*** Opening of Records for processing ***

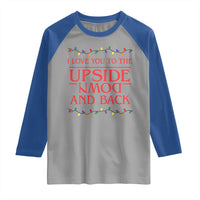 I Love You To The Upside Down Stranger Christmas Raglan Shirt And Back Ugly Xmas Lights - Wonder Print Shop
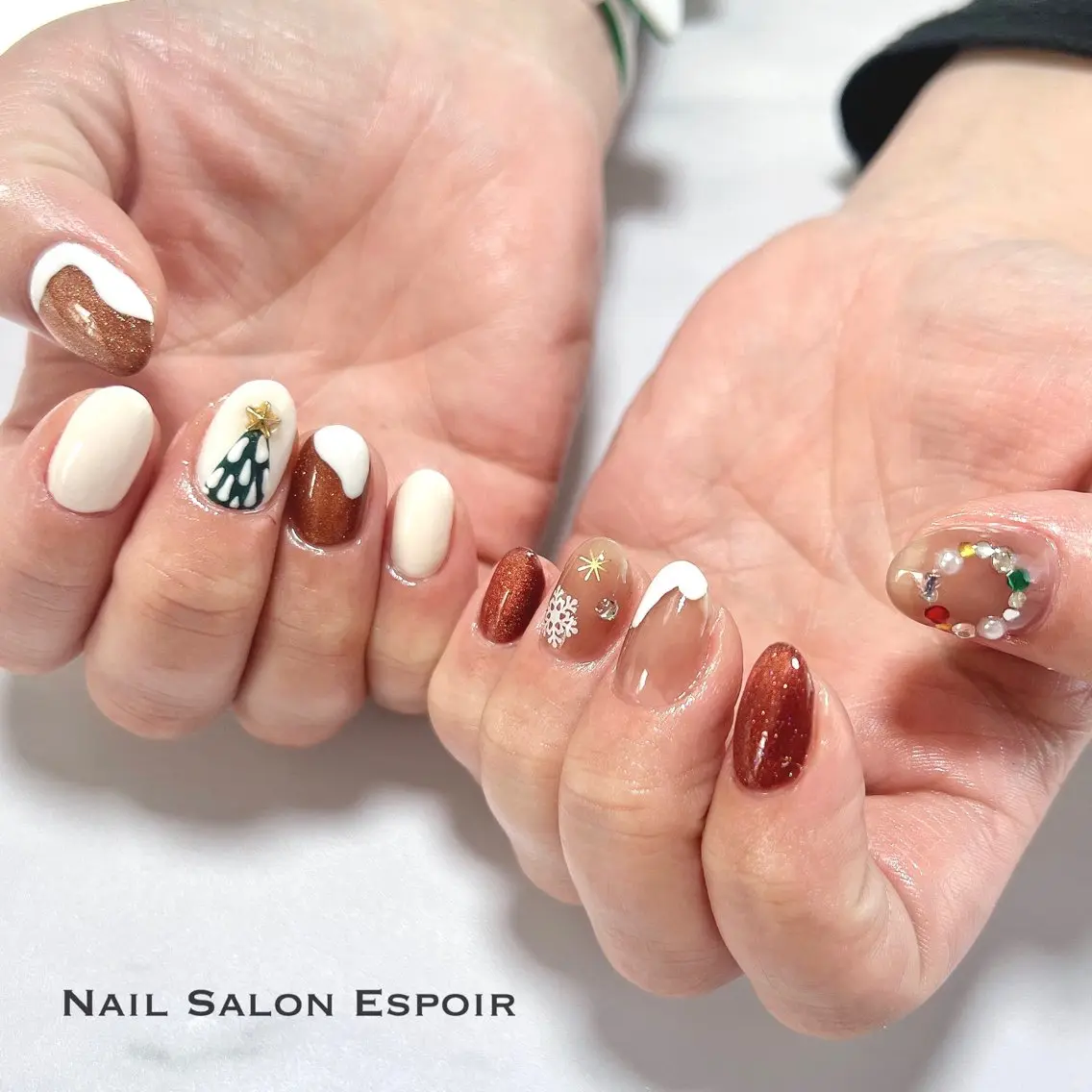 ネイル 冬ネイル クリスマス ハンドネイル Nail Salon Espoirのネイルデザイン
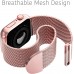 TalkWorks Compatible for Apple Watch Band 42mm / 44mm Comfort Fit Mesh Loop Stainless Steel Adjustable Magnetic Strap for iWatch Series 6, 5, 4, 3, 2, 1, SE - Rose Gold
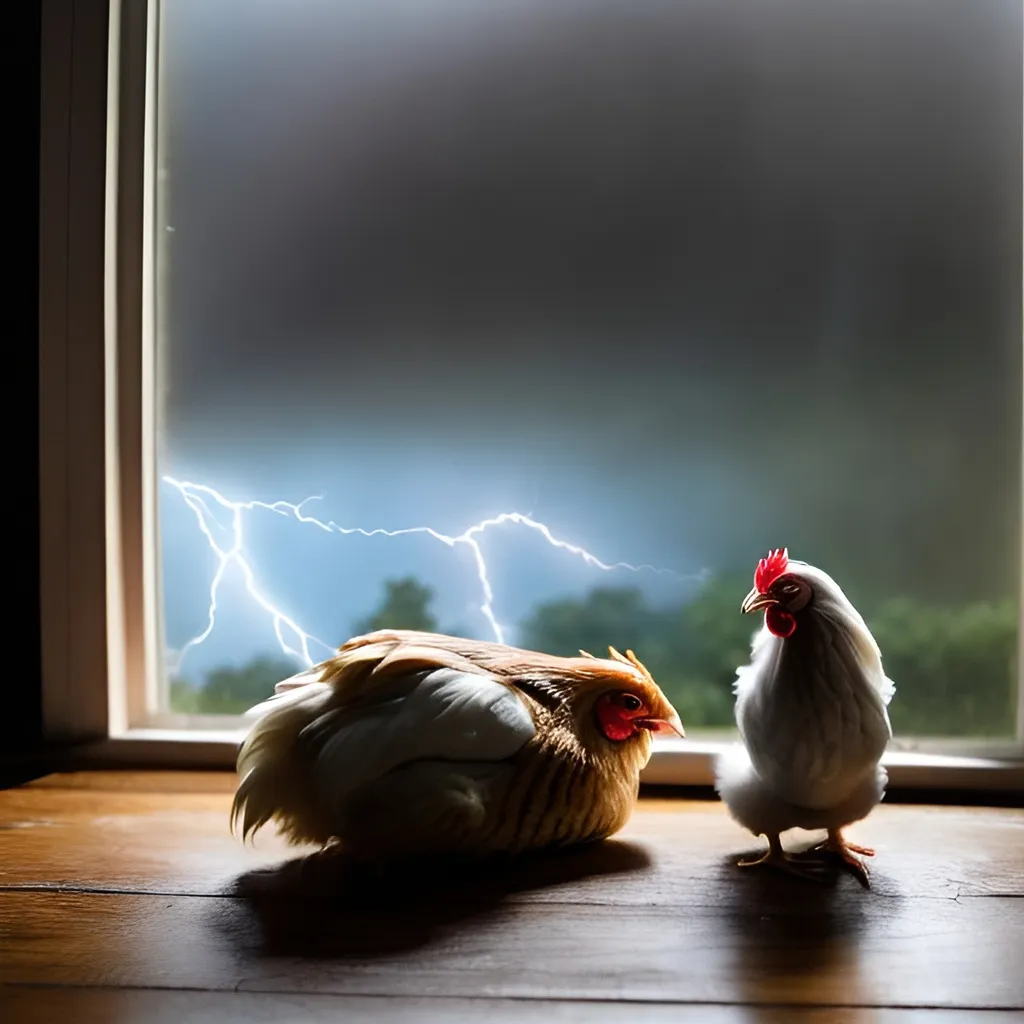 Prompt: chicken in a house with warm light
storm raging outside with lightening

*** Close of Records for processing ***

» Work to be completed: Repeat each line above exactly. The pictures stay out.

» Result:
 I Love You To The Upside Down Stranger Christmas Raglan Shirt And Back Ugly Xmas Lights - Wonder Print Shop
 ネイル 冬ネイル クリスマス ハンドネイル Nail Salon Espoirのネイルデザイン
 TalkWorks Compatible for Apple Watch Band 42mm / 44mm Comfort Fit Mesh Loop Stainless Steel Adjustable Magnetic Strap for iWatch Series 6, 5, 4, 3, 2, 1, SE - Rose Gold
 Prompt: chicken in a house with warm light
storm raging outside with lightening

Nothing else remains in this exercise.